Some of the researchers behind the new study had already reported in 2016 that mice infected with an initial E. coli UTI resulted in either spontaneous resolution or a chronic cystitis, respectively reducing or increasing susceptibility to future infections. The researchers found then that, in each scenario, the E. coli UTI had differentially modified the bladder epithelium in terms of architecture, morphology, and molecular signatures. This motivated them to study the phenomenon in detail, asking, for instance, whether this remodeling occurs in “the bladder environment overall . . . or [if it is] something intrinsic to the epithelium,” says Thomas Hannan, a mucosal immunologist at Washington University in St. Louis who worked on both studies.
See “Bacteriophages Plentiful in Women’s Bladders”

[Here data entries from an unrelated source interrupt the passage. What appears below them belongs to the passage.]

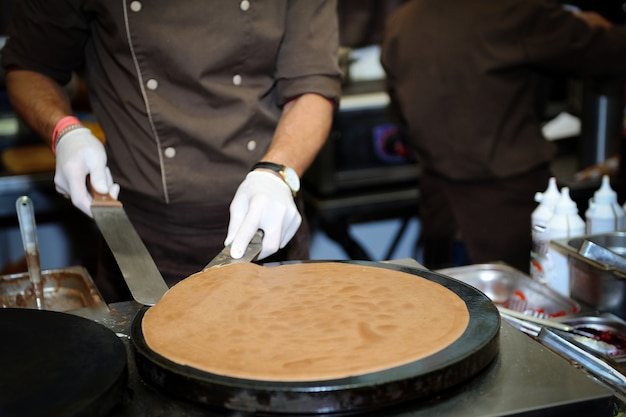 Chef prepara uma panqueca de perto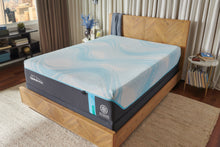 Load image into Gallery viewer, Tempur-Pedic - TEMPUR-Breeze® LuxeBreeze® Medium Hybrid Mattress (2023)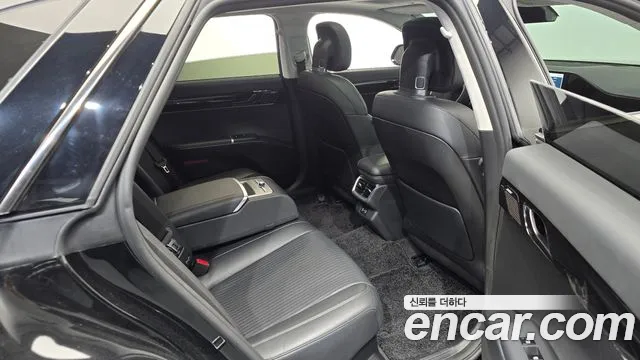 Hyundai Grandeur GN7 — Фото автомобиля 11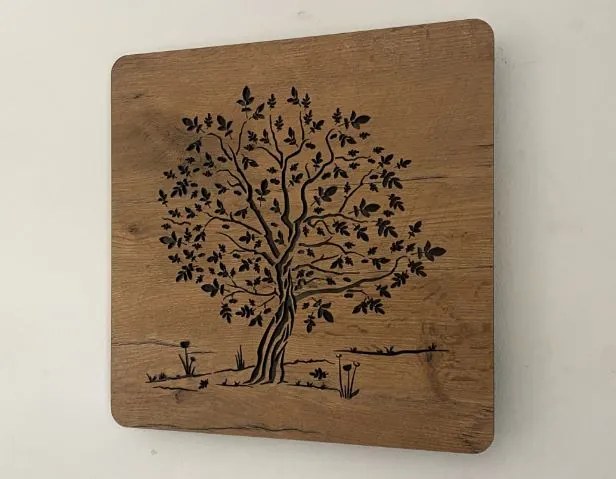 Svietiaci obraz strom Orech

For this, the team—led by Seongmi Russell, a PhD student at the time in the lab of WU’s Scott Hultgren—first isolated the epithelial stem cells from mice with either resolved or chronic infection, and cultured them to see if the cells continued to exhibit notable differences, as they had in vivo. Indeed, the fully differentiated bladder epithelium formed by these cells in vitro mimicked the morphological alterations previously observed in each group of mice. The difference between the two resulting tissues was “striking,” says Hannan. This suggested that there was “something heritable” in the cells leading to these phenotypes, he adds, “and so we hypothesized that it was an epigenetic change.”
They were right. When Hannan and his colleagues performed a series of genomic analyses on the cells, they found “different imprinting on the epigenome depending on the initial disease history, and . . . some of these could explain the phenotypes that we saw,” he says. These epigenetic alterations, namely chromatin accessibility, DNA methylation, and histone modifications, affect how several genes are expressed.

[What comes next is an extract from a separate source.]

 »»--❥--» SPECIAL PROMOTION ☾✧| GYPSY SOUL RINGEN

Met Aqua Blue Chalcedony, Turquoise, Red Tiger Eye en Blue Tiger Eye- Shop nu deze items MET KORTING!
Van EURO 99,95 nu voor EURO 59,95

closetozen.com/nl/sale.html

For instance, the team found that the expression of caspase-1, a gene involved in immune cell responses against microbial infections, was dramatically upregulated in the differentiated epithelium from cells of mice with chronic cystitis, while it was almost absent in those coming from mice with resolved infections as well as cells from control mice that were not exposed to E. coli. Caspase-1 induces cell death, which helps get rid of infected cells, but it also promotes inflammation and mucosal wounding, leading to an increased susceptibility to recurrent infections. Thus, the epigenetic changes observed in mice with chronic cystitis are not necessarily “all bad,” Hannan explains, “there’s a reason why we might develop” such responses—“they’re good at the time, but they may not always be good in all circumstances.”

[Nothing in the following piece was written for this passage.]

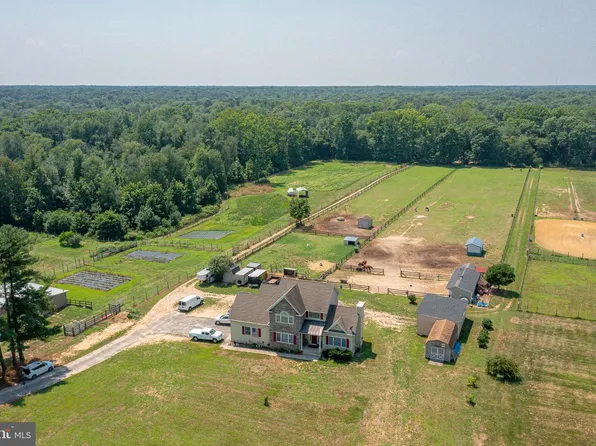 201 Morton Ave, Rosenhayn, NJ 08352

The fact that the same changes in the bladder epithelium could be induced in vivo and in vitro suggests that the underlying epigenetic modifications “are stable and directly link to genes associated with an innate immune defense mechanism against the bacteria,” Gerard Hoyne, an immunologist at the University of Notre Dame Australia who was not involved in this work, writes in an email to The Scientist.
Translating these findings to humans—for instance, to treat recurrent UTIs—is still a distant goal, all sources agree. “A lot of other technologies would need to be in place,” says Hannan, adding that we need a “better understanding of how you can manipulate the epigenome in a very directed way” in order to develop such therapies. Hannan is Chief Scientific Officer of Fimbrion Therapeutics, a company focused on developing antimicrobial drugs to treat infectious diseases.
But the take-home message is that “when we think about infectious disease responses, we need to really start incorporating this idea that the immune system [works] in concert with the rest of the tissue,” says Naik, who had previously reported a similar inflammatory memory in the mouse skin.